It was essential for me to go to the countryside within today for picking up daily necessities.  Around 9 in the morning (my guessing from the sun’s position) I said farewell to the old man and began trudging north along the road which I had come yesterday.

At the foot of the embankment running along a river, where several temple’s halls and towers had been, nothing remained except foundations — cracked stones and rocks — left in disarray. Now that the whole city has turned into a vast graveyard with smells of death, this old area is now the cleanest, driest and most cheerful graveyard. 

Once out of the city area, the road looked rather ordinary, except that all plants — roadside glass, rice in the rice fields and even bamboo bushes that ran parallel to the suburban railway -were burnt and charred on the south side.  On two train carriages lying sideways in grass sparrows were playing in groups.

5. Country Farm House

By the time I at last arrived at the foot of the Mount T…, the sun had long set.  When I stepped into the farmhouse with stone walls through its dark entrance without a word, the whole people of the house nearly screamed.  “You, Madame, were alive!” the wife, a small stature, came out and cried out.  An old farmer with a tanned face came out from darkness of the cowshed and uttered, “You’ve been all right?!”  The entire family surrounded me and screamed. 

They had thought all along that I had been dead, because I had never showed up even two days or three after the atomic bomb disaster against my promise to come as soon as I became homeless.  I summed up the story of my saved life but they were not satisfied.  Tired out, I was hazily looking at the ceiling, ancient-looking and blackened with soot, while they kept asking me questions after questions.

No member of this family went to Hiroshima on that fateful day, whereby the entire family was safe, I was told.

“This girl of mine, on that very day, happened to have a sty on the eyelid and didn’t go to her office.  That saved her life.  Those at the desks in the office all ended up as dead bones, they say.”  The farmer’s wife gesticulated a lot as she told about her oldest daughter, and poked her lightly with her finger.  The daughter grinned herself, squinting at me with her eyelid with the “life-saving” sty.

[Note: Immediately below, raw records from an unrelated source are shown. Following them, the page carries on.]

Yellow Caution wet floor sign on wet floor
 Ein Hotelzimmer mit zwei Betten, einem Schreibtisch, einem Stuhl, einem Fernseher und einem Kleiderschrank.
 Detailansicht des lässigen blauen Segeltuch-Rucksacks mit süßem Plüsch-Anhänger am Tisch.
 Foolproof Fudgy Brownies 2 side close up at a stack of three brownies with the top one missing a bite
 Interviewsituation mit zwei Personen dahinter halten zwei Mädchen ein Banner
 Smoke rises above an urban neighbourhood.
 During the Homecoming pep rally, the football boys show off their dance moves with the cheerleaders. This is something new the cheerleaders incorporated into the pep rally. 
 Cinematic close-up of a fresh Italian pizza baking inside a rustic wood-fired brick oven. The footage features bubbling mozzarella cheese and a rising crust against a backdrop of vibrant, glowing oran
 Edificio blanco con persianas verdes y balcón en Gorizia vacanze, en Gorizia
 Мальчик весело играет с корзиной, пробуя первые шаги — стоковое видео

“As every household except ours in this village has one or more members dead or injured, my heart is heavy for greeting others,” said the farmers’ wife with a perturbed face.

Told that bath was not available because of frequent air-raid warnings, I went down to the brook in the rear of the farmhouse — no wider than 1.8 meters but blessed with crystal clear water rapidly running from the mountains — and sat on the river-bed, enjoying splashes of cold water to clean my body.

Every time the moon emerged from clouds, wet rock surfaces sparkled, and each willow leaf on the bank shined as though silver-plated.  Faint night wind passed overhead, gently swinging a fig branch on which my clothes were hung. The earth’s pungent fragrance softly touched my nostrils like mellow sake.  Awash in the rapid shallows, my sandal thongs stung sore toes, but that was unexpectedly soothing.

In bed, futon — after days of slumber without it — felt a bit damp, and noisy chatting of the farmer’s family awoke me from dozing.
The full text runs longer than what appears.